**Your instructions**
Among the entries below, copy every line that carries the word "with".

**The records**
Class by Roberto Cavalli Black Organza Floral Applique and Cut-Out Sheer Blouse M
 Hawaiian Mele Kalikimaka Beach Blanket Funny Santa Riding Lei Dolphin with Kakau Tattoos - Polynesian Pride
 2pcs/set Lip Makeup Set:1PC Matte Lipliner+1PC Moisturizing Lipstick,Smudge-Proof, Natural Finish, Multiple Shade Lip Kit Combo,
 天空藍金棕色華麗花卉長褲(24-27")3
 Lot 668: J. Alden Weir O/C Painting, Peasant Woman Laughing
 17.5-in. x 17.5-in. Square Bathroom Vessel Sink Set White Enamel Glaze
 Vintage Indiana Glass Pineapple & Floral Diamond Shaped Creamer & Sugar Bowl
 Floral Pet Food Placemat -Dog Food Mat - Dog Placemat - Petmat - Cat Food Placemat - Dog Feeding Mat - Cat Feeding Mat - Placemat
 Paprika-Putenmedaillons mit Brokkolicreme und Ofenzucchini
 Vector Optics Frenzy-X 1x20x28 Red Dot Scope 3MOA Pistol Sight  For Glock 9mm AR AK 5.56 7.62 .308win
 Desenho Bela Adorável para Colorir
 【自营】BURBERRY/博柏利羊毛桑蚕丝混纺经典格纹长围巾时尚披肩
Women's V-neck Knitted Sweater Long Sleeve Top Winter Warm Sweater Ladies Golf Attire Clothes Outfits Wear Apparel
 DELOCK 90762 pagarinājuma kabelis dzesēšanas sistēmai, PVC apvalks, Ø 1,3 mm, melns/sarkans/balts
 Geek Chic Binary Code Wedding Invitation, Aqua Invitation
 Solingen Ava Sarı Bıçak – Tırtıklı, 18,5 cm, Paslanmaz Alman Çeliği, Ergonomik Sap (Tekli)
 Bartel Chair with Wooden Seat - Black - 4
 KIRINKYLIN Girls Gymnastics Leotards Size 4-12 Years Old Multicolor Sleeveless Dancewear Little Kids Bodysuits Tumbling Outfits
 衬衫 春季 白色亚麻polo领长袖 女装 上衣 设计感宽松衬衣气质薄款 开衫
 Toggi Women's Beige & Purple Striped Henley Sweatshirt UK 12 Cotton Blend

**Written answer**
 Hawaiian Mele Kalikimaka Beach Blanket Funny Santa Riding Lei Dolphin with Kakau Tattoos - Polynesian Pride
 Bartel Chair with Wooden Seat - Black - 4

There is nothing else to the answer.